Later that year, on Novermber 13th 2013, Oxford Dictionaries annoucned Selfie as their International Word of the Year.
True, selfies are nothing new. I remember taking them with a pink Le Clic disc camera and getting the film developed at the local chemists only to discover that what I’d photographed was in fact a reflection of the flash in the mirror, or a dodgy shot of the ceiling fixture, complete with dangling camera wrist strap. We had a long way to go before filters, clever camera angles (double chin, begone!) and standing sideways and breathing in.

This is what we had instead of Instagram

Selfies are now a regular part of our social landscape. In fact, more photos are taken per second today than in the whole of the 18th century. I’m sure I read that somewhere.
So of course, it was only a matter of time before the phenomena reached the pole dancing world. Pole selfies –  “Pelfies” , or “Polfies” as Annemarie Davies and Nadia Sharif christened them – have taken over as the most recent “move of the moment” – and is something everyone can be part of – no matter where you are on your pole journey, be it absolute beginner or elite professional, the object of the polfie is not to shoot your best move or showcase your unique skills, but to capture the sense of fun, the spontaneity and the unique appeal of this, our topsy turvy pole world.

Annemarie Davies’ polfie

But before you embark on your quest for the perfect polfie, let me share with you my pole selfie experiences.

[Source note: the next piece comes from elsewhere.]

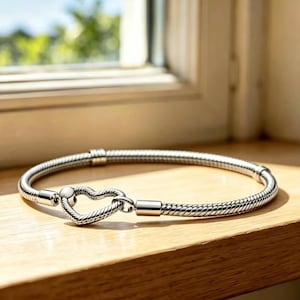 May include: A silver-toned snake chain bracelet featuring a heart-shaped clasp. The bracelet has a textured, flexible design with smooth metal end caps that connect to the central heart closure, creating a continuous circular loop of polished metal.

Firstly, consider the practicalities. You need both hands to hold a lot of moves. Even the one handed moves will usually require both hands to get into them. Anyone who has trained with Deb Roach will know how different it is to work the pole with one arm. Tucking a phone into your waistband or bra is not a reliable form of transit. Tip: Have a helpful and tolerant friend to hand you your camera. Just trust me on this. If in doubt, go for floorwork polfies.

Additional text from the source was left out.